Tags
Japonisme, Ode to Manitoba winter, Tomas Luis de Victoria, Walter J. Phillips, Winnipeg, Woodcut
Walter J. Phillips (25 October 1884 – 5 July 1963) was born in Lincolnshire, England and studied at the Birmingham School of Art.
He moved to Winnipeg, Manitoba, in 1913 where he lived for 28 years. He died in 1963 in Victoria, British Columbia. He was a resident artist at the Banff Centre, then known as the Banff School of Fine Arts. He became a member of the Royal Canadian Academy of Arts. I love his art.
Phillips was very interested in Japanese prints. The work shown above is a woodcut.
Many new Canadians first settled in Winnipeg. My husband’s grandmother, the wife of a British aristocrat, was sent to Winnipeg. Her husband claimed their son was conceived by a “lover.” I suspect he wanted a younger wife. Fortunately, her son received a good education and always looked after his disconsolate mother.

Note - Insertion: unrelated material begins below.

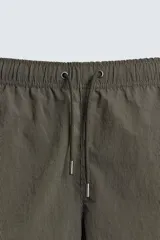 Bañador de hombre de largo medio, color celeste claro con rayas blancas horizontales. Presenta cintura elástica ajustable con cordón, bolsillos frontales y bolsillos traseros de plastrón. Incluye forro interior.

You may remember that Winnipeg had been the Earl of Selkirk‘s Red River Colony. After Rupert’s Land was purchased by a fledging confederation (c. 1867). Louis Riel negotiated Manitoba’s entry into Confederation. He was hanged in 1885 for the execution of Orangeman Thomas Scott. Orangemen prevented French-speaking and Catholic Canadians from settling in the land the legendary voyageurs had opened up. They were educated in English-language schools. The matter was not solved until the Official Languages Act of 1969, and not altogether.

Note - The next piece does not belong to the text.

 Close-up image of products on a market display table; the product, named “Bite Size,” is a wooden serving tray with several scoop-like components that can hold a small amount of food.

Moreover, the newly confederated Canada sent Amerindians to reservations. Many Canadians have Amerindian ancestry, prairie Métis, primarily, but also the people of Quebec and other provinces. Many settlers to New France married Amerindian women because France was not sending women to its colony.
The Great Plains
I lived in Regina in the late 1970s, but my work was not related to my professional qualifications. I was offered a position as translator in Winnipeg, but decided to accept a teaching position at St. Francis Xavier University, in Nova Scotia. I loved Nova Scotia, but regret my decision to teach at StFX. Everything went wrong. The life of a translator would have suited me and I loved the prairies. One could see forever.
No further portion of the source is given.